Sacré, sacré docteur Botox, mister Silicone, antidépresseurs et tout le tintouin…
Baudrillard résume ce bordel en citant un article extrait de la revue « Le Président » intitulé Pas de pitié pour les cadres » :
« 40 ans : la civilisation moderne lui commande d’être jeune… La bedaine, jadis symbole de réussite sociale, est maintenant synonyme de décadence, de mise au rancart. Ses supérieurs, ses subordonnées, sa femme, sa secrétaire, sa maîtresse, ses enfants, la jeune fille en micro-jupe avec qui il bavarde à la terrasse d’un café en se disant « qui sait ? »… Tous le jugent sur la qualité et le style de son vêtement, le choix de sa cravate et de son eau de toilette, la souplesse et la sveltesse de son corps… Il est obligé de tout surveiller : pli du pantalon, col de chemise, jeux de mots, ses pieds lorsqu’il danse, son régime lorsqu’il mange, son souffle lorsqu’il grimpe les escaliers, ses vertèbres lorsqu’il fait un effort violent. Si hier encore dans son travail l’efficacité suffisait, aujourd’hui on exige de lui au même titre forme physique et élégance. Conscient que sa réussite sociale dépend entièrement de l’image que les autres ont de lui, que sa forme physique est la carte maîtresse de son jeu, l’homme de quarante ans cherche son second souffle et sa deuxième jeunesse. »

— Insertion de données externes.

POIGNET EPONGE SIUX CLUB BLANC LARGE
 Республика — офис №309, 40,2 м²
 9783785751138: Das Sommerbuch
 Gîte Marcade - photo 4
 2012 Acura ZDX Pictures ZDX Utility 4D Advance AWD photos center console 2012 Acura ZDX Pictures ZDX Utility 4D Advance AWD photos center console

Voilà qui parle. D’autant plus que le XXIè siècle se trouve marqué par le fait que la première jeunesse, nos enfants, se trouvent plus directement et plus violemment concernés par ce « second souffle du quadra! Drôle de maturité d'enfant. Drôles d'adultes à venir. Des gamins comprenant très vite l'enjeu de l'apparat, de la beauté, de la séduction. Et ça fait tourner la machine.
Mais avec des parents, des "sub-putes", en éducation, en valeurs, des adultes encore plus dangereux pour leurs enfants que ce monde dans lequel il faut bien évoluer. A moins qu'ils ne sauvent. "Là où il y a danger, croît aussi ce qui sauve", disait Hölderlin. Peut-être la naissance d'une intelligence consciente de nos errances, déniant nos dévoiements et nos chaînes, et prête à faire sauter les mécanismes de la machine...
Les gamins : très tôt (4, 5, 6 ans?), se fixent déjà dans ces logiques d'apparat et d'appât, d’abandon de soi aux sirènes du corps consommable et de sa mise à prix. Le corps, "la chose" par excellence, la chose des choses, cet "obscur objet du désir", l'objet le plus désiré en même temps qu'il est ce par quoi arrive le désir des objets. L'invention du "mouvement perpétuel". Et la "machine" se pérennise.
Le mouvement est effrayant et jamais considéré. Voilà où nous en sommes après cette « libération » des corps qui, en réalité, ne fut qu’une libéralisation du corps, pour un devenir économique qui "produit" de la "consommation" (d'où ce sublîme postérieur accompagnant ce pot yaourt si peu sexy). Peut-on considérer le corps comme étant réellement libéré ? Pas si sûr. D'autant, comme le propose Baudrillard, que l'objet de consommation "corps" est une forme subtile de contrôle social.
Voilà le corps rendu aux potentialités d'un actionnariat dont les fondements restent l'humain dans sa faiblesse, faiblesse nichée pas loin de mystifications telles que le "désir de bonheur", l'espoir d'une vie bienheureuse résumée dans la possibilité de consommer. Je consomme donc je suis. Pour y accéder : "Sub-pute", la prostitution masquée...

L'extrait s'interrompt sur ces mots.